The Senate Appropriations Committee July 13 approved its FY 2018 Military Construction, Veterans Affairs, and Related Agencies spending bill. Thanks to an amendment pushed by Sen. Richard Durbin (D-Ill.) and the Friends of VA Medical Care and Health Research (FOVA), the final measure includes $722 million for FY 2018 A Medical and Prosthetic Research, a $49 million (7.3 percent) increase over the FY 2017 enacted level. The AAMC is a member of the FOVA executive committee.
Consistent with the House bill and the president’s budget, the Senate bill provides $9.7 billion for FY 2018 VA Medical Community Care, a $254 million (2.7 percent) increase above the enacted FY 2018 advance level, and $8.4 billion in advance appropriations for FY 2019, a $1.3 billion (13.2 percent) decrease from the FY 2018 proposed level.
The AAMC July 11 submitted a statement for the record to the Senate VA Committee in response to a hearing on pending health care legislation. The hearing examined several pieces of legislation, including three comprehensive VA community care proposals: the Veterans Health Administration Reform Act of 2017 (S.1279) introduced by Sen. Mike Crapo (D-Idaho); the Veterans Choice Act of 2017 introduced by Chairman Johnny Isakson (R-Ga.); and the Improving Veterans Access to Care in the Community Act of 2017 introduced by Ranking Member Jon Tester (R-Mont.).
The AAMC statement focused on how the VA and academic medical centers’ integrated education, research, and patient care improve health care for our nation’s veterans. Additionally, AAMC stressed the importance of maintaining VA-academic relationships through direct sole-source contracts to help ensure veterans have access to clinical services scarcely available at other community providers.
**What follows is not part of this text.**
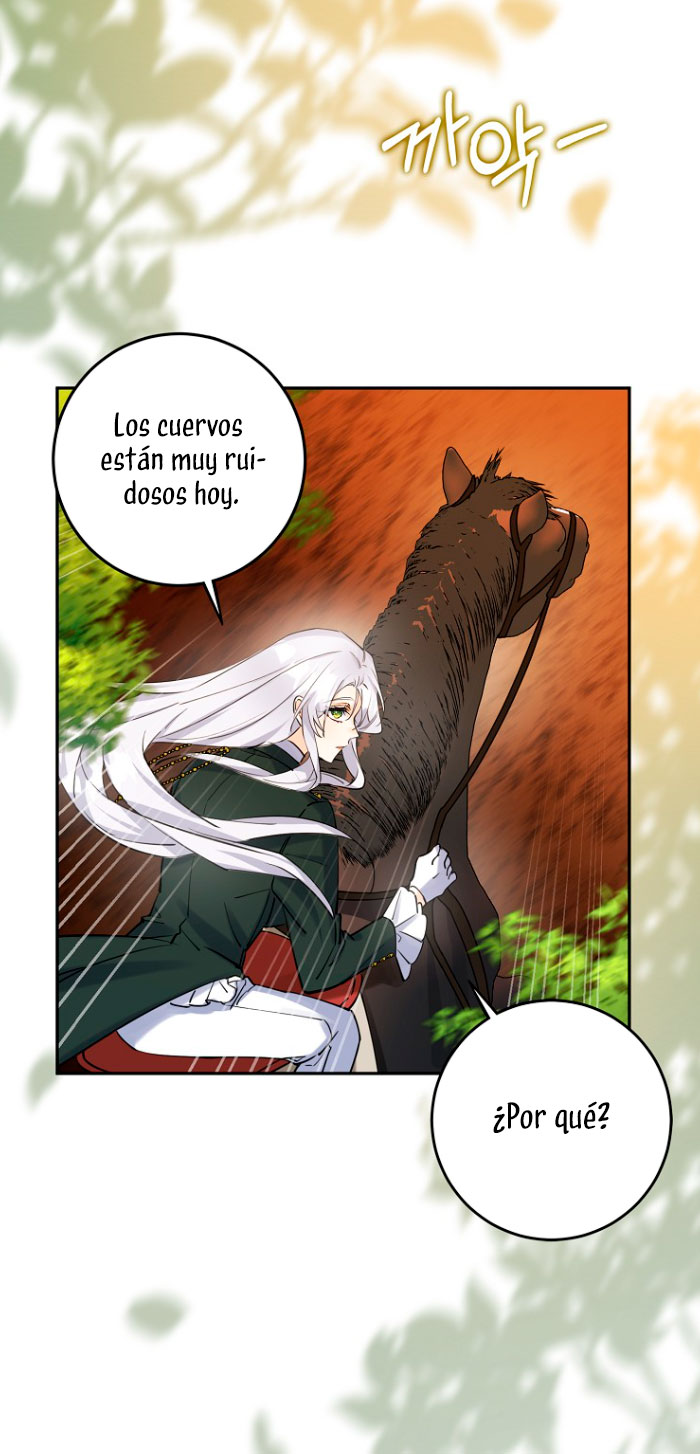 Razones para proteger al hijo de la bruja Capítulo 5 - Página 11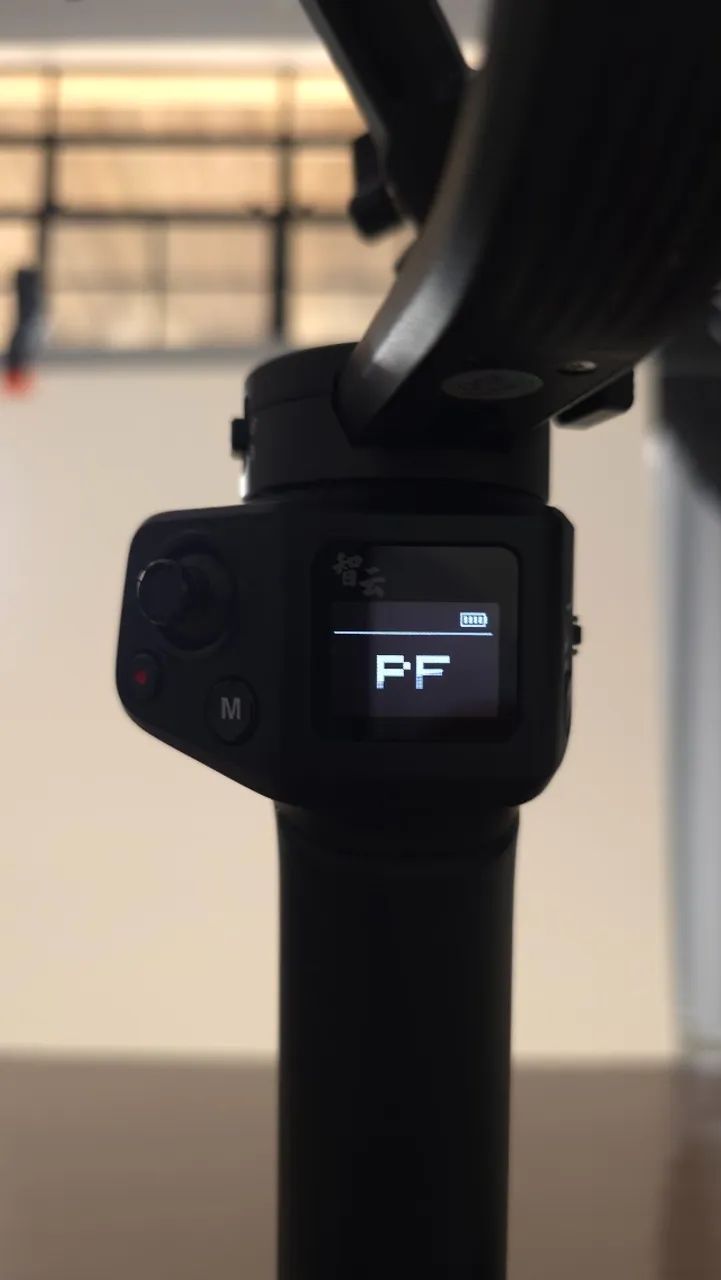 Estabilizador Gimbal Zhiyun Weebill 3s Combo - Foto 3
Witnesses included Baligh Yehia, MD, deputy under secretary for health for community care, on behalf of the VA and several veterans’ service organizations. Dr. Yehia noted that the Veterans Choice Act of 2017 would prohibit VA from entering into or renewing any contract or agreement under a non-Department provider program, and stated, “We are very concerned with this provision and do not support it. It would require VA to renegotiate, reissue, or terminate every agreement and contract, regardless of the terms or conditions of such an agreement permitting extensions or other flexible authorities. We believe this could affect such agreements as those with DoD, IHS, and tribal health programs, as well as with our academic affiliates and contractors.”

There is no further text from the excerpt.